- Promotional poster
- Directed by: Matt D'Avella
- Produced by: Tim Frazier; Jacob Matthew;
- Starring: Joshua Fields Millburn; Ryan Nicodemus;
- Cinematography: Matt D'Avella; Conrad Golovac; Chris Newhard;
- Edited by: Matt D'Avella
- Music by: Vve
- Production company: Booklight Productions
- Distributed by: Netflix
- Release date: January 1, 2021;
- Running time: 53 minutes
- Country: United States
- Language: English

= The Minimalists: Less Is Now =

2021 American documentary film

The Minimalists: Less Is Now is a 2021 American documentary film created for Netflix and directed by Matt D'Avella. The story focuses on two friends, Joshua Fields Millburn and Ryan Nicodemus, better known as the Minimalists, who demonstrate the benefits of living according to minimalism.

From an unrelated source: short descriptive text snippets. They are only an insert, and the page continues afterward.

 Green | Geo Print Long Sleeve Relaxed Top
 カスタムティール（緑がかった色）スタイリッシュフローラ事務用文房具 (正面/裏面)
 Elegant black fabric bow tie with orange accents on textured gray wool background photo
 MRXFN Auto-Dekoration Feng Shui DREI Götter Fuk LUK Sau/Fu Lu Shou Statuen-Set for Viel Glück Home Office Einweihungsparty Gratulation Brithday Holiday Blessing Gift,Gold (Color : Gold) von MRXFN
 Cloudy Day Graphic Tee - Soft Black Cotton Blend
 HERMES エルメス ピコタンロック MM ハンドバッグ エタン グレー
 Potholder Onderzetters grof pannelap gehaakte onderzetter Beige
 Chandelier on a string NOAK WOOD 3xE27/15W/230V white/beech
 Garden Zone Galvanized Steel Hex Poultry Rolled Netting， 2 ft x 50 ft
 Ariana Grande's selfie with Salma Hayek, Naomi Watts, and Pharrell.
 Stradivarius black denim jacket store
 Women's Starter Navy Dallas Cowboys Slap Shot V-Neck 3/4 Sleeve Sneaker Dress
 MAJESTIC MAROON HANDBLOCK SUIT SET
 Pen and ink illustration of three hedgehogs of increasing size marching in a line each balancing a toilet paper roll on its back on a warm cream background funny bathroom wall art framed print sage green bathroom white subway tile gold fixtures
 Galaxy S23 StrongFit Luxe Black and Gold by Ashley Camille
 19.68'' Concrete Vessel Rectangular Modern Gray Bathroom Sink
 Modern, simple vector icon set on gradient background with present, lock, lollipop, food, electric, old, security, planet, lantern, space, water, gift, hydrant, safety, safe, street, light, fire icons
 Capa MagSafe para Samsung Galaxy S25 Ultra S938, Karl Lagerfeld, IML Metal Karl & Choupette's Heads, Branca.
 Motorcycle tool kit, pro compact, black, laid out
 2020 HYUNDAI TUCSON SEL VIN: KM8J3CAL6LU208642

The film was released on January 1, 2021, and was nominated for a Daytime Emmy in 2022.

==Reception==
Architectural Digest, in a review of the film, wrote, "Less Is Now challenges viewers to live with less stuff".

Now called the film "a cluttered and messy documentary that feels much longer than its running time." It compared the Minimalists unfavorably with organizing consultant Marie Kondo, claiming that "Kondo's revolutionary Tidying Up series is more entertaining—and useful."